Reading Rockets offers Reading packs that connect science and literacy Here is an eaxmple Go on a "night sky" reading adventure! Teachers can support reading together at home with our reading adventure packs — designed to encourage hands-on fun and learning centered around paired fiction and nonfiction books. (Level: Third Grade)

Maureen Stover Maureen Stover 41070 Points

Hi Pam! Thank you so much providing a link to the Reading Rockets program. I visited the website and noticed that they have several different thematic units that link reading and science. I really like the way that this program encourages family involvement. Do you know if these resources are standards based? Thanks! Maureen

Kathy Renfrew Kathy Renfrew 35938 Points

A program that I will recommend, that is standards-based, but was developed prior to the Common Core is Seeds of Science, Roots of Literacy. I believe the program was developed for grades 2 -5.Science and literacy or Seeds of Science

Kathy Renfrew Kathy Renfrew 35938 Points

As teacher begin to consider what texts they will use in their classrooms..I hope they consider some of the following short texts:

    Super Science ( Scholastic)
    Time for Kids
    National Geographic
    Other magazines

Another valuable under used resource is the NSTA Outstanding Trade Book list. Each of thse books have been read by approximately 10-13 people who collaboratively decide this particular book is good enough to be put on the list. You can the find the lists on the NSTA site.
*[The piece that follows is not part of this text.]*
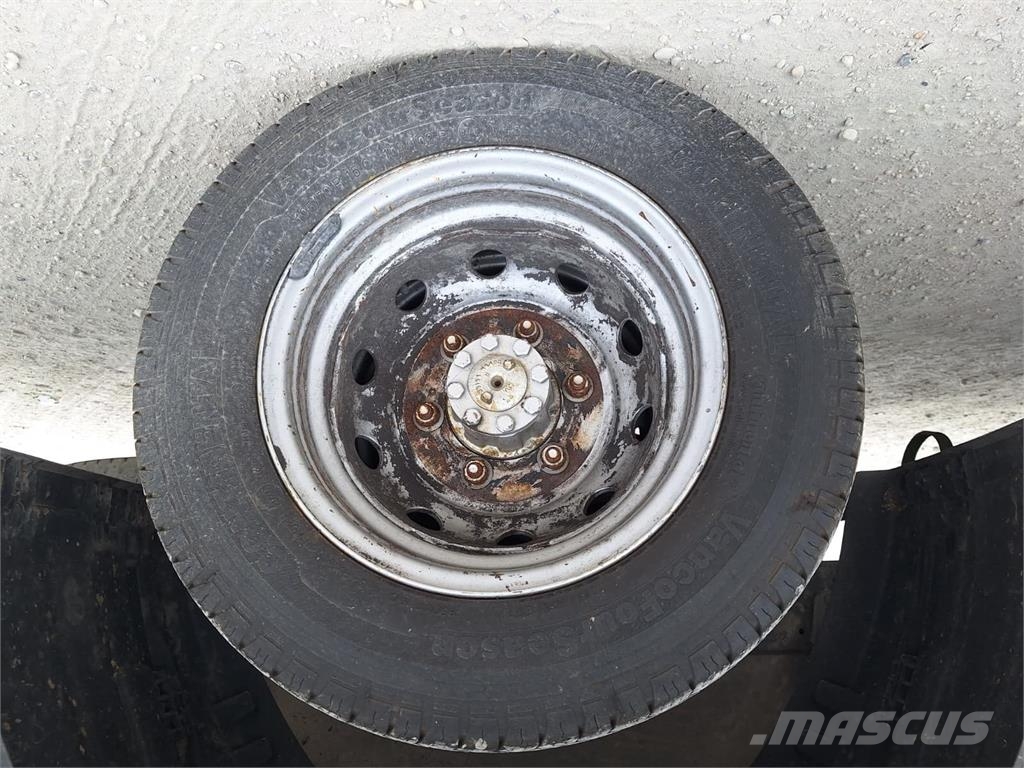 Nissan Cabstar NT400 - Carrier Xarios 350+DHollandia /100 Otros camiones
Pamela Auburn Pamela Auburn 68605 Points

Royal Society Young People’s Book Prize This prize is award for communicating science to young people. The winner will be announce in November. You can find the short list of competitors here

Kathy Renfrew Kathy Renfrew 35938 Points

An under used resource for reading enjoyment and instruction is NSTA's Outstanding trade Books. These are a group of books for Grades PK -12 which have been read by a committee and chosen as books of the highest quality. The committee is made up of science educators who collaborate with NSTA and the Children's Book Council to recommend these books to other educators and the public.

One of my many favorites from the 2012 OSTB List is Far from Shore Chronicles of an Open Ocean Voyage by Sophie Webb.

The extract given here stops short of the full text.